_BRIEF:_
These records contain pictures, which must be left out; copy exactly the lines from the one with "Синий ВАЗ 21214, объемом" up to and including the one with "碗扣式脚手架培训资料下载-[浙江]机场公".

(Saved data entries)
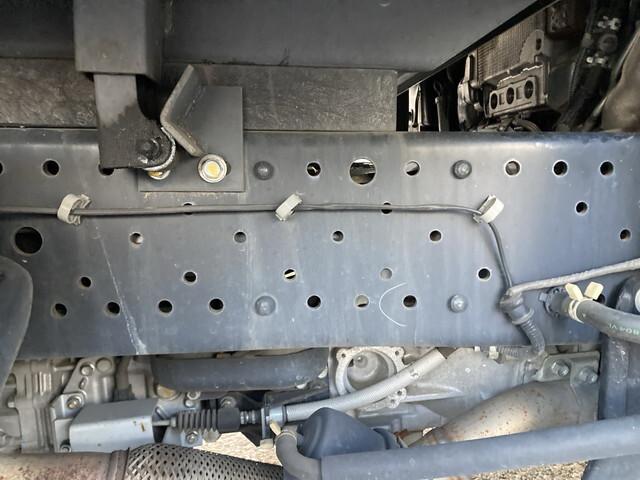 83526_23.jpg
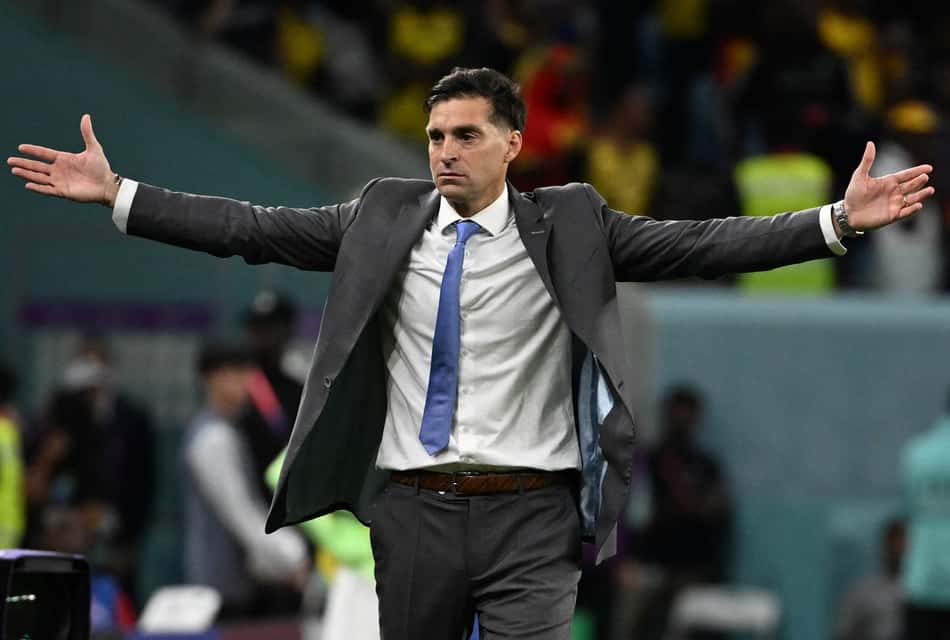 Técnico Diego Alonso é demitido após eliminação do Uruguai na Copa do Mundo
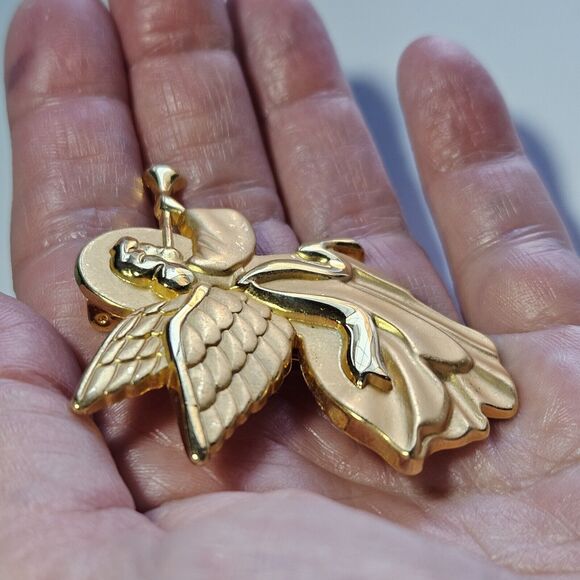 ***Final Sale*** Vintage Gold Tone Angel Brooch - Picture 3 of 9
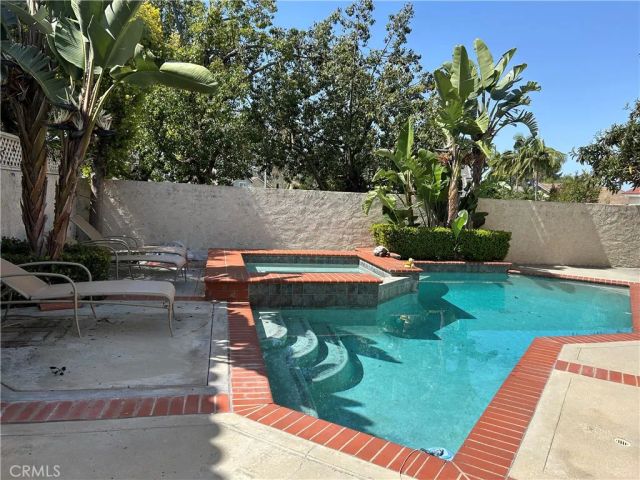 14 Vicksburg, Irvine, CA 92620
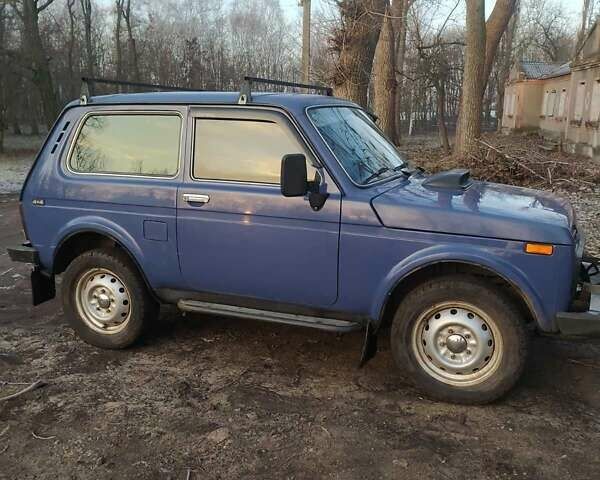 Синий ВАЗ 21214, объемом двигателя 1.7 л и пробегом 115 тыс. км за 3700 $, фото 2 на Automoto.ua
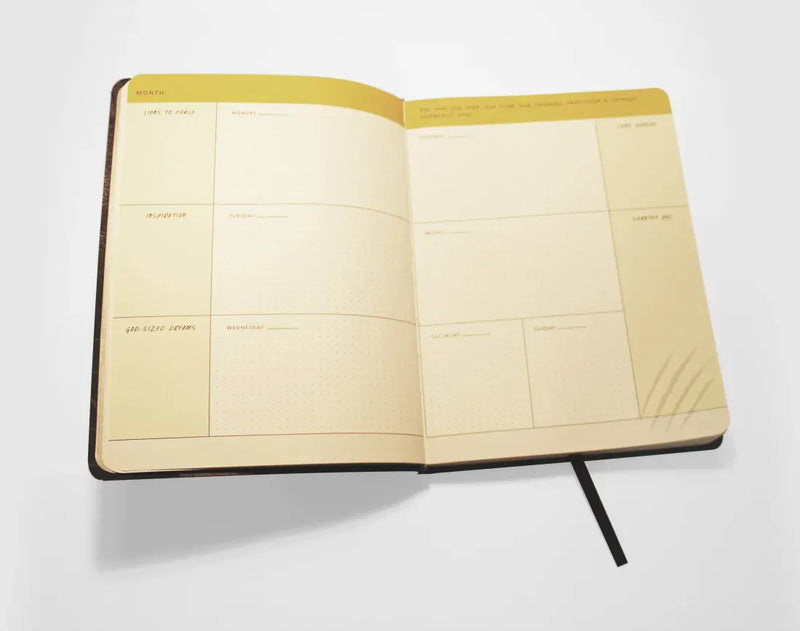 Chase the Lion Weekly Planner US - Diary or journal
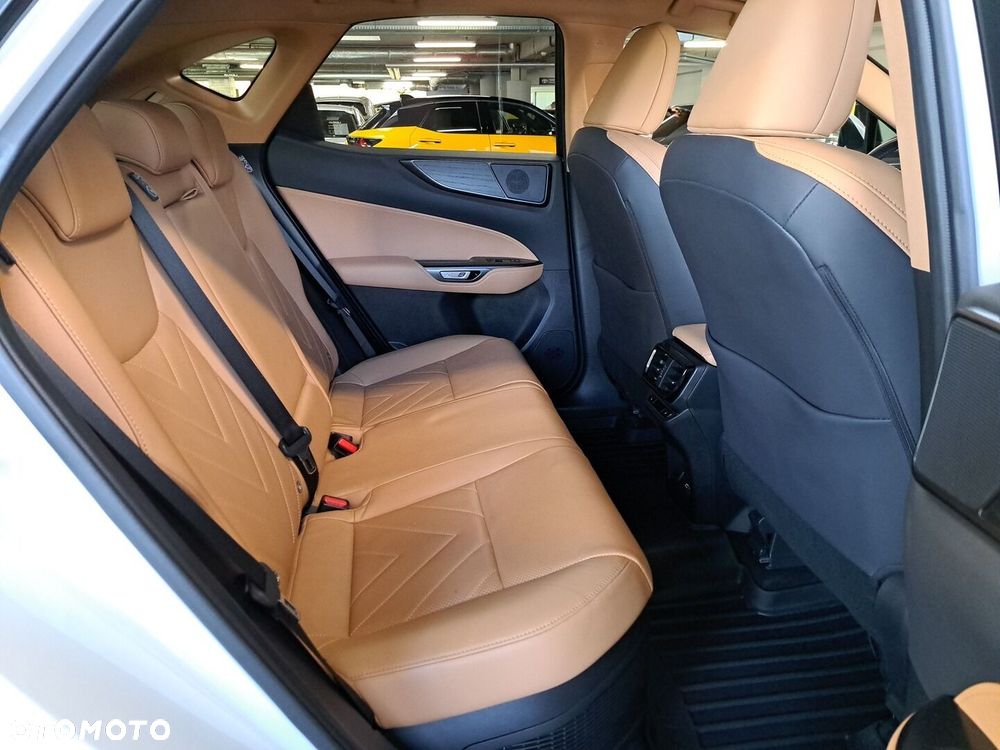 Lexus NX 350h Omotenashi AWD - 15
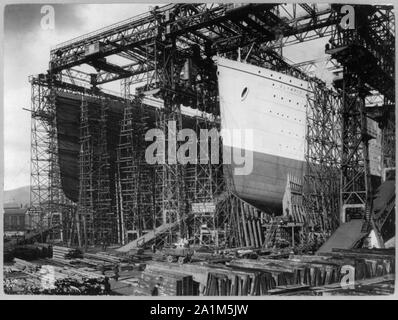 OLYMPIC e titanic - Vista di prua [in costruzione cantiere Ponteggi] Foto Stock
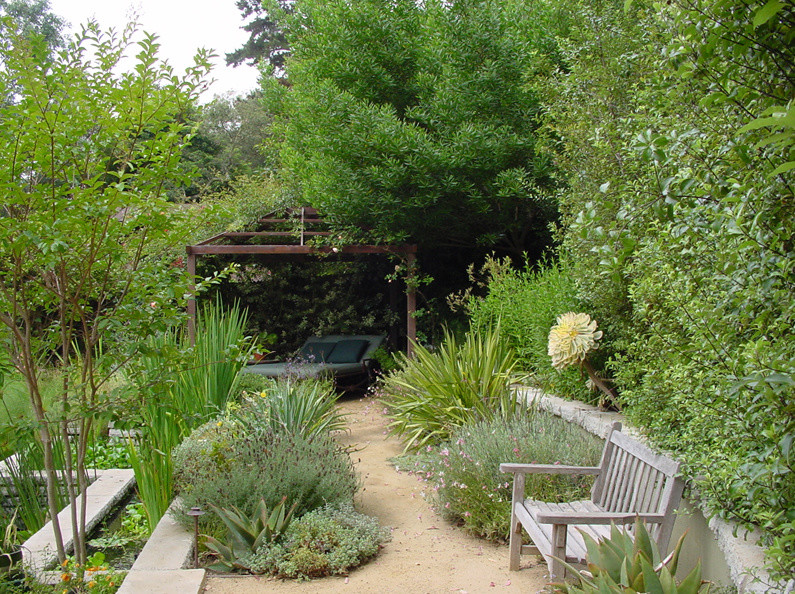 Idée de décoration pour un grand jardin à la française arrière design l'été avec un bassin, une exposition partiellement ombragée et du gravier.
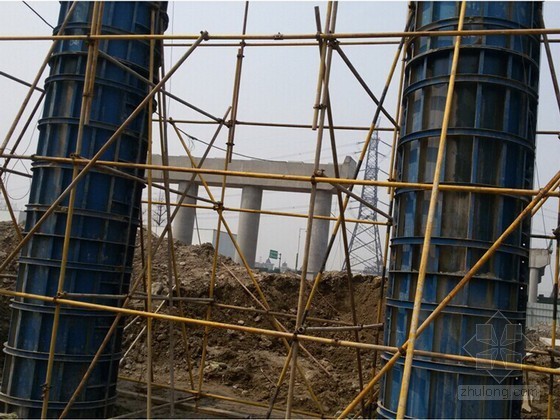 碗扣式脚手架培训资料下载-[浙江]机场公路改建工程脚手架搭设安全培训讲义（图文并茂）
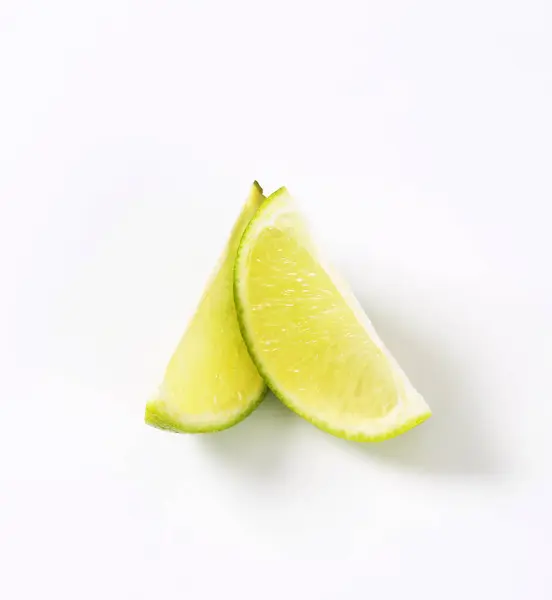 Twee Limoen Fruit Kwartjes Witte Achtergrond — Stockfoto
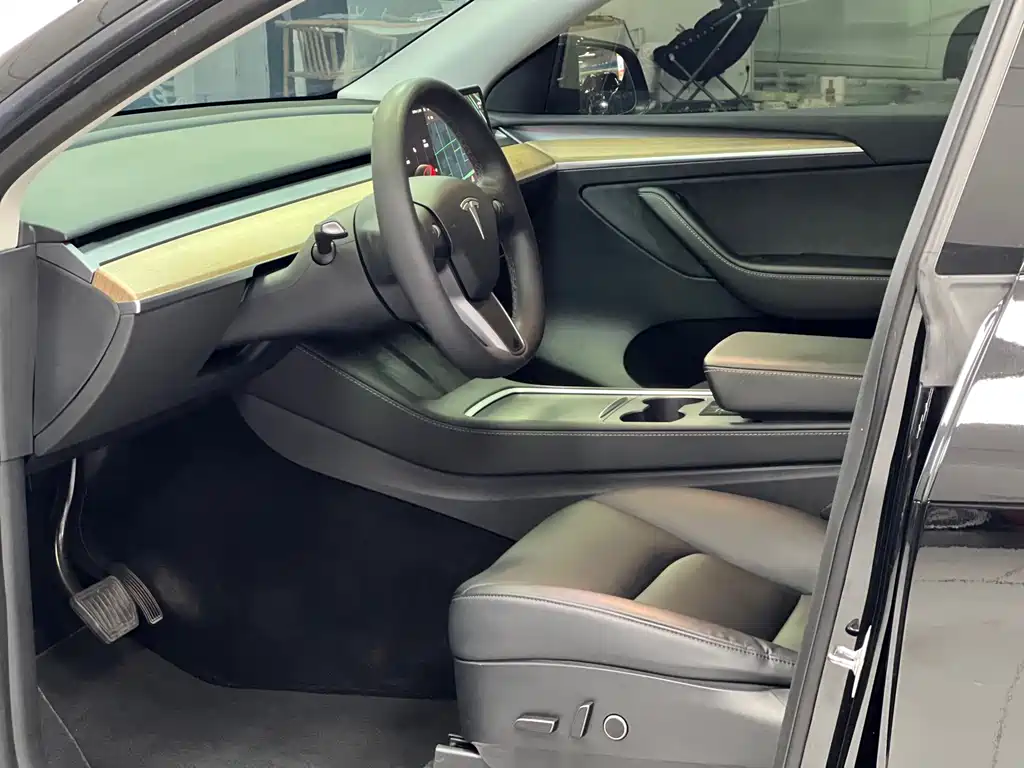 Model Y 2021 standard range rear-wheel drive version купить на сайте DeffCars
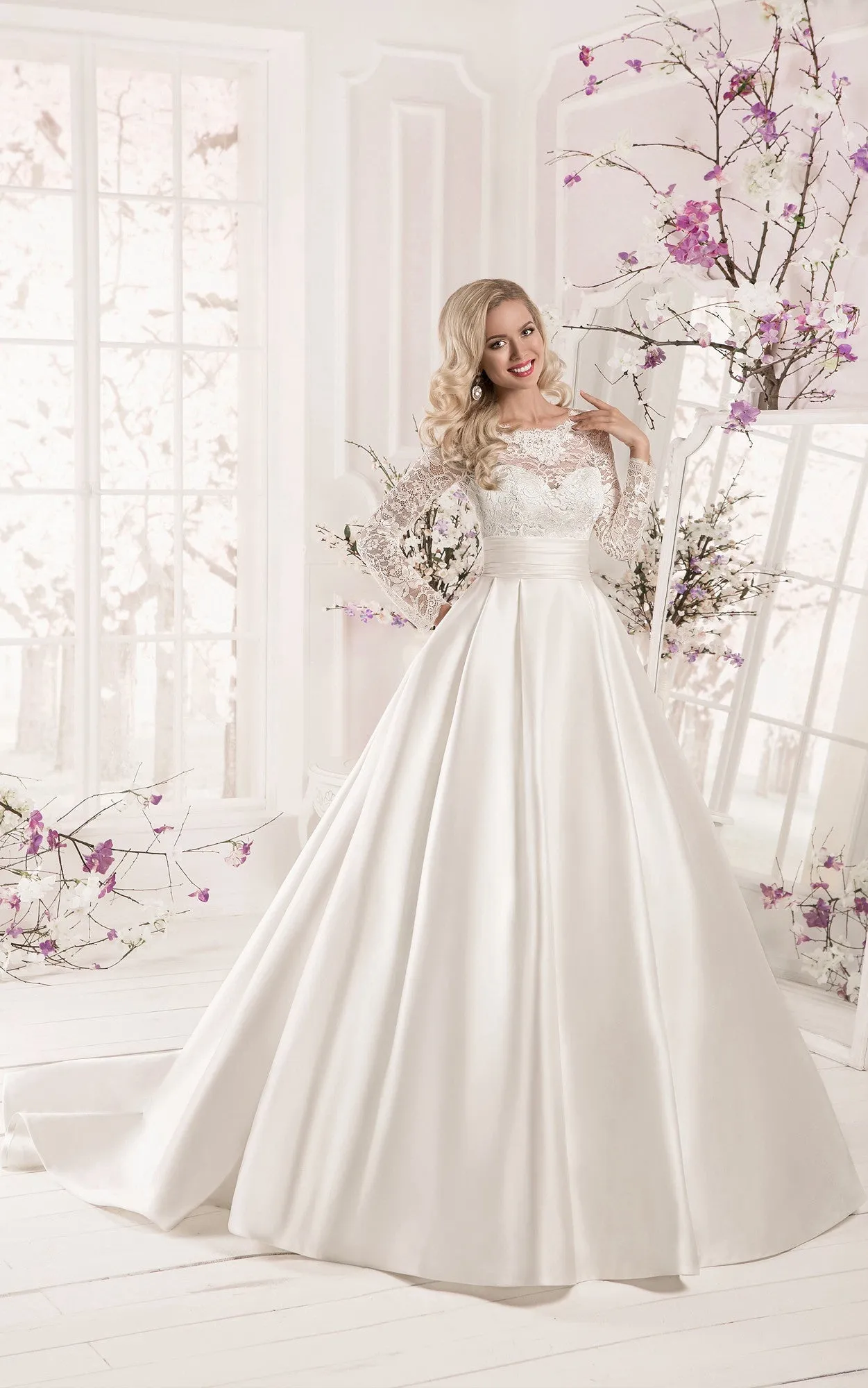 Lace Top Long Sleeve Floor Length Satin Applique Dress-714158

_ANSWER TO THE PROBLEM:_
 Синий ВАЗ 21214, объемом двигателя 1.7 л и пробегом 115 тыс. км за 3700 $, фото 2 на Automoto.ua
 Chase the Lion Weekly Planner US - Diary or journal
 Lexus NX 350h Omotenashi AWD - 15
 OLYMPIC e titanic - Vista di prua [in costruzione cantiere Ponteggi] Foto Stock
 Idée de décoration pour un grand jardin à la française arrière design l'été avec un bassin, une exposition partiellement ombragée et du gravier.
 碗扣式脚手架培训资料下载-[浙江]机场公路改建工程脚手架搭设安全培训讲义（图文并茂）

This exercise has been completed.